=== Section Start ===

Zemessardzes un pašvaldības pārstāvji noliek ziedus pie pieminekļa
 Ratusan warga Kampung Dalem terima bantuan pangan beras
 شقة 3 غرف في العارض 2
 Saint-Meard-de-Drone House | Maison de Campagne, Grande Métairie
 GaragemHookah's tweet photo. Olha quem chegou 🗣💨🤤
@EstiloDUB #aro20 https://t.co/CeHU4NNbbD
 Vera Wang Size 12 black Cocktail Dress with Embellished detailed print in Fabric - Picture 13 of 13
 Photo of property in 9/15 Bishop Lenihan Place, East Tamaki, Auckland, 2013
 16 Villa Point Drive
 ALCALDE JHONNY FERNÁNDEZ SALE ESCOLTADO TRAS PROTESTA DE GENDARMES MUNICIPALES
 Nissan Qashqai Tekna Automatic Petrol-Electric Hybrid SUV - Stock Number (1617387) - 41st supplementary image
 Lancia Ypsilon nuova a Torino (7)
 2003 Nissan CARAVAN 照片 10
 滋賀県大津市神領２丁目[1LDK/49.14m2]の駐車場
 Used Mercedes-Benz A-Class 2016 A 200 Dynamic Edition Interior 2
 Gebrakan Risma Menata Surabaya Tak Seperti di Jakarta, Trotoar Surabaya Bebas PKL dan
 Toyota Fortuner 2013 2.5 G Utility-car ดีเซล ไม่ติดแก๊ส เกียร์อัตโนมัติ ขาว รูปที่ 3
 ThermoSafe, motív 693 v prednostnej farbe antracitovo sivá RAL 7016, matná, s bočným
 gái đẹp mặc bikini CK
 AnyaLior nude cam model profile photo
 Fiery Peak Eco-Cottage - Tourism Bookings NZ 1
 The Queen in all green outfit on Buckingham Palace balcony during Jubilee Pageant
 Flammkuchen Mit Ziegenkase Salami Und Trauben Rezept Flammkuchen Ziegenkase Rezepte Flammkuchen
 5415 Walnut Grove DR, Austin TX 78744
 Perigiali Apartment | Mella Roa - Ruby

=== Section End ===

§ Activity:
With the line containing "شقة 3 غرف في العارض 2" as the first, output each line through the final line of the entries above, exactly.

§ Result of this task:
 شقة 3 غرف في العارض 2
 Saint-Meard-de-Drone House | Maison de Campagne, Grande Métairie
 GaragemHookah's tweet photo. Olha quem chegou 🗣💨🤤
@EstiloDUB #aro20 https://t.co/CeHU4NNbbD
 Vera Wang Size 12 black Cocktail Dress with Embellished detailed print in Fabric - Picture 13 of 13
 Photo of property in 9/15 Bishop Lenihan Place, East Tamaki, Auckland, 2013
 16 Villa Point Drive
 ALCALDE JHONNY FERNÁNDEZ SALE ESCOLTADO TRAS PROTESTA DE GENDARMES MUNICIPALES
 Nissan Qashqai Tekna Automatic Petrol-Electric Hybrid SUV - Stock Number (1617387) - 41st supplementary image
 Lancia Ypsilon nuova a Torino (7)
 2003 Nissan CARAVAN 照片 10
 滋賀県大津市神領２丁目[1LDK/49.14m2]の駐車場
 Used Mercedes-Benz A-Class 2016 A 200 Dynamic Edition Interior 2
 Gebrakan Risma Menata Surabaya Tak Seperti di Jakarta, Trotoar Surabaya Bebas PKL dan
 Toyota Fortuner 2013 2.5 G Utility-car ดีเซล ไม่ติดแก๊ส เกียร์อัตโนมัติ ขาว รูปที่ 3
 ThermoSafe, motív 693 v prednostnej farbe antracitovo sivá RAL 7016, matná, s bočným
 gái đẹp mặc bikini CK
 AnyaLior nude cam model profile photo
 Fiery Peak Eco-Cottage - Tourism Bookings NZ 1
 The Queen in all green outfit on Buckingham Palace balcony during Jubilee Pageant
 Flammkuchen Mit Ziegenkase Salami Und Trauben Rezept Flammkuchen Ziegenkase Rezepte Flammkuchen
 5415 Walnut Grove DR, Austin TX 78744
 Perigiali Apartment | Mella Roa - Ruby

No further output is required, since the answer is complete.